DATASET CONTENT:
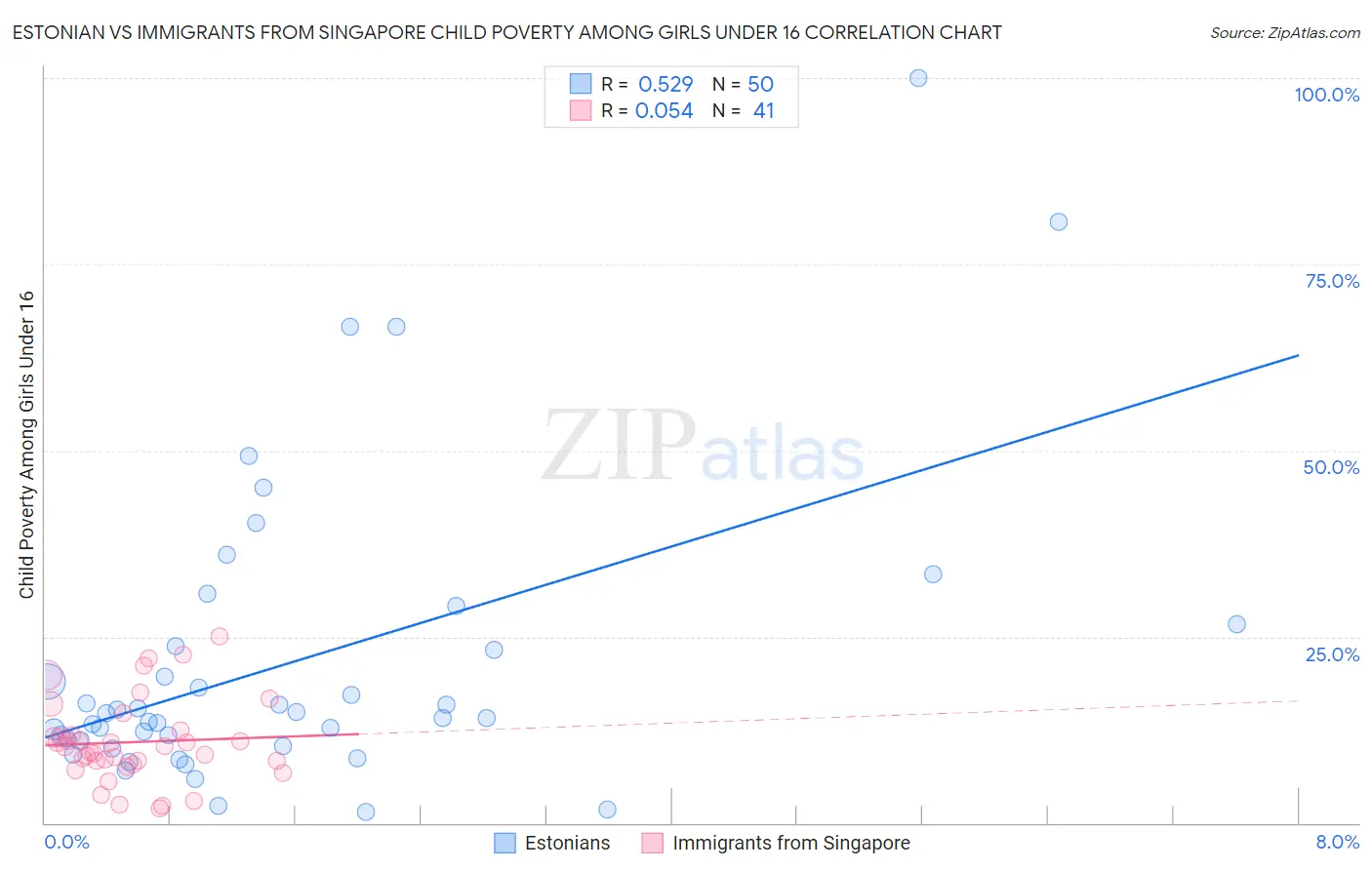 Estonian vs Immigrants from Singapore Child Poverty Among Girls Under 16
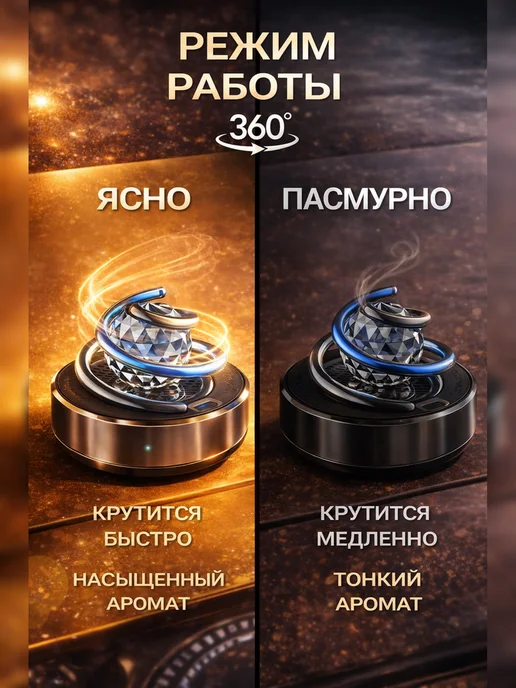 FABRIK AUTO Ароматизатор в машину на панель Хрустальный шар Ваниль, вариант, фото 3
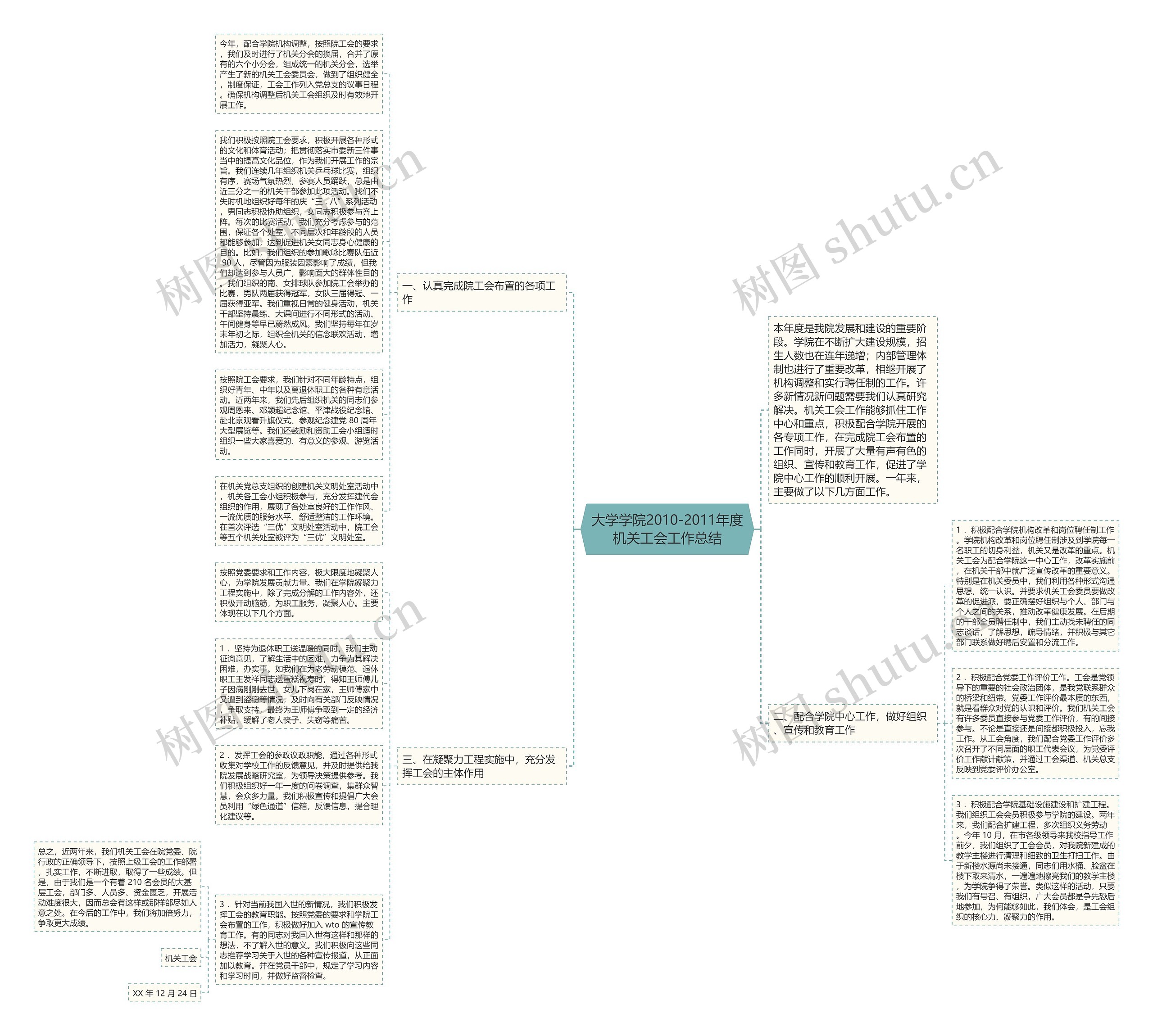 大学学院2010-2011年度机关工会工作总结思维导图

EXERCISE OBJECTIVE:
Would you please repeat all the data word for word, but without the pictures?

ANSWER SPACE:
 Estonian vs Immigrants from Singapore Child Poverty Among Girls Under 16
 FABRIK AUTO Ароматизатор в машину на панель Хрустальный шар Ваниль, вариант, фото 3
 大学学院2010-2011年度机关工会工作总结思维导图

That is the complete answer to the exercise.